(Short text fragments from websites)
——

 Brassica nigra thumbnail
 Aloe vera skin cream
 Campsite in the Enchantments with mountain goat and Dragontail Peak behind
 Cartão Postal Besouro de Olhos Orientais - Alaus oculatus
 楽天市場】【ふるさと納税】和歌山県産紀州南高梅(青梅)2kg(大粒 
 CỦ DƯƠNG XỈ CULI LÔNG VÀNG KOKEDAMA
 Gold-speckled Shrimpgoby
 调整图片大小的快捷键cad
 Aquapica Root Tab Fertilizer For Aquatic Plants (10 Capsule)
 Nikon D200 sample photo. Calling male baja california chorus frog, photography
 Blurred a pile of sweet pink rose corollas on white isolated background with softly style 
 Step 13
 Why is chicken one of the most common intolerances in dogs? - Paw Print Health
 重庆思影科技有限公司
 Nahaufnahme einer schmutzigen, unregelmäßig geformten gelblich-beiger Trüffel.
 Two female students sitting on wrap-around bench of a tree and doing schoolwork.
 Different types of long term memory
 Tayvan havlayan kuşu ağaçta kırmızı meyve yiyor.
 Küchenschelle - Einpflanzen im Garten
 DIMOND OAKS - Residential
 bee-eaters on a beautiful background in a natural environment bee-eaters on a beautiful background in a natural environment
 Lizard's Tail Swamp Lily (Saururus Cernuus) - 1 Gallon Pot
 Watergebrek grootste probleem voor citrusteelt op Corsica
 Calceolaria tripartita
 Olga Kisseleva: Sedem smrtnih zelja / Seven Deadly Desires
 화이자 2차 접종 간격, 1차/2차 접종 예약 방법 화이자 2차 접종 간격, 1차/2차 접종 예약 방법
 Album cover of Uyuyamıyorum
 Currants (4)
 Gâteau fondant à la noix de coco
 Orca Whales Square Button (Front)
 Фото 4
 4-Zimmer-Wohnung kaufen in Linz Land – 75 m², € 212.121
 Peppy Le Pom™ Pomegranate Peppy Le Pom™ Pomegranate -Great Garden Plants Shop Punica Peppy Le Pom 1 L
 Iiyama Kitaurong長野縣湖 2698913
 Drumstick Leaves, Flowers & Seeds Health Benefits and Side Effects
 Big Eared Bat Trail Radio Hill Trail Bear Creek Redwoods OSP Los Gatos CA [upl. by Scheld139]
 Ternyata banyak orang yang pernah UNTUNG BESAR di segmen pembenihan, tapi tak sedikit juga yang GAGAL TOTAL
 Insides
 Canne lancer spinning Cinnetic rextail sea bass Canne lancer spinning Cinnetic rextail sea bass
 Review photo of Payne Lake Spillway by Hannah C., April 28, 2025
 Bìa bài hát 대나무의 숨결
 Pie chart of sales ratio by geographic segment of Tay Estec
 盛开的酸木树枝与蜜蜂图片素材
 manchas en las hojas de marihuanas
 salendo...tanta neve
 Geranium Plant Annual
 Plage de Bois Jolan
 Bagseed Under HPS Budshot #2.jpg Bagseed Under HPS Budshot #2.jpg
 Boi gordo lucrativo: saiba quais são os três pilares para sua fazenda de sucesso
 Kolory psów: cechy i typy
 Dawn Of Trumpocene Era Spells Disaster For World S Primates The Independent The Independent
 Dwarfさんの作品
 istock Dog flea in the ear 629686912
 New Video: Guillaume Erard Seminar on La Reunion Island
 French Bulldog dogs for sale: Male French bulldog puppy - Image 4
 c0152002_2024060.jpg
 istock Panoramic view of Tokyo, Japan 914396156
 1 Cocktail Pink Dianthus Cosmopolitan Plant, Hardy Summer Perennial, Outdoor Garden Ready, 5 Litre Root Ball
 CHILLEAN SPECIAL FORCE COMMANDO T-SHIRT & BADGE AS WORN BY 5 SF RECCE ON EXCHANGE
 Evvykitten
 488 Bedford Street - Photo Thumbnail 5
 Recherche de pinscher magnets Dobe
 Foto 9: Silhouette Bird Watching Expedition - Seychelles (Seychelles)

——

An exact repeat of all the records is required.

▶ _FINISHED EXERCISE_
 Brassica nigra thumbnail
 Aloe vera skin cream
 Campsite in the Enchantments with mountain goat and Dragontail Peak behind
 Cartão Postal Besouro de Olhos Orientais - Alaus oculatus
 楽天市場】【ふるさと納税】和歌山県産紀州南高梅(青梅)2kg(大粒 
 CỦ DƯƠNG XỈ CULI LÔNG VÀNG KOKEDAMA
 Gold-speckled Shrimpgoby
 调整图片大小的快捷键cad
 Aquapica Root Tab Fertilizer For Aquatic Plants (10 Capsule)
 Nikon D200 sample photo. Calling male baja california chorus frog, photography
 Blurred a pile of sweet pink rose corollas on white isolated background with softly style 
 Step 13
 Why is chicken one of the most common intolerances in dogs? - Paw Print Health
 重庆思影科技有限公司
 Nahaufnahme einer schmutzigen, unregelmäßig geformten gelblich-beiger Trüffel.
 Two female students sitting on wrap-around bench of a tree and doing schoolwork.
 Different types of long term memory
 Tayvan havlayan kuşu ağaçta kırmızı meyve yiyor.
 Küchenschelle - Einpflanzen im Garten
 DIMOND OAKS - Residential
 bee-eaters on a beautiful background in a natural environment bee-eaters on a beautiful background in a natural environment
 Lizard's Tail Swamp Lily (Saururus Cernuus) - 1 Gallon Pot
 Watergebrek grootste probleem voor citrusteelt op Corsica
 Calceolaria tripartita
 Olga Kisseleva: Sedem smrtnih zelja / Seven Deadly Desires
 화이자 2차 접종 간격, 1차/2차 접종 예약 방법 화이자 2차 접종 간격, 1차/2차 접종 예약 방법
 Album cover of Uyuyamıyorum
 Currants (4)
 Gâteau fondant à la noix de coco
 Orca Whales Square Button (Front)
 Фото 4
 4-Zimmer-Wohnung kaufen in Linz Land – 75 m², € 212.121
 Peppy Le Pom™ Pomegranate Peppy Le Pom™ Pomegranate -Great Garden Plants Shop Punica Peppy Le Pom 1 L
 Iiyama Kitaurong長野縣湖 2698913
 Drumstick Leaves, Flowers & Seeds Health Benefits and Side Effects
 Big Eared Bat Trail Radio Hill Trail Bear Creek Redwoods OSP Los Gatos CA [upl. by Scheld139]
 Ternyata banyak orang yang pernah UNTUNG BESAR di segmen pembenihan, tapi tak sedikit juga yang GAGAL TOTAL
 Insides
 Canne lancer spinning Cinnetic rextail sea bass Canne lancer spinning Cinnetic rextail sea bass
 Review photo of Payne Lake Spillway by Hannah C., April 28, 2025
 Bìa bài hát 대나무의 숨결
 Pie chart of sales ratio by geographic segment of Tay Estec
 盛开的酸木树枝与蜜蜂图片素材
 manchas en las hojas de marihuanas
 salendo...tanta neve
 Geranium Plant Annual
 Plage de Bois Jolan
 Bagseed Under HPS Budshot #2.jpg Bagseed Under HPS Budshot #2.jpg
 Boi gordo lucrativo: saiba quais são os três pilares para sua fazenda de sucesso
 Kolory psów: cechy i typy
 Dawn Of Trumpocene Era Spells Disaster For World S Primates The Independent The Independent
 Dwarfさんの作品
 istock Dog flea in the ear 629686912
 New Video: Guillaume Erard Seminar on La Reunion Island
 French Bulldog dogs for sale: Male French bulldog puppy - Image 4
 c0152002_2024060.jpg
 istock Panoramic view of Tokyo, Japan 914396156
 1 Cocktail Pink Dianthus Cosmopolitan Plant, Hardy Summer Perennial, Outdoor Garden Ready, 5 Litre Root Ball
 CHILLEAN SPECIAL FORCE COMMANDO T-SHIRT & BADGE AS WORN BY 5 SF RECCE ON EXCHANGE
 Evvykitten
 488 Bedford Street - Photo Thumbnail 5
 Recherche de pinscher magnets Dobe
 Foto 9: Silhouette Bird Watching Expedition - Seychelles (Seychelles)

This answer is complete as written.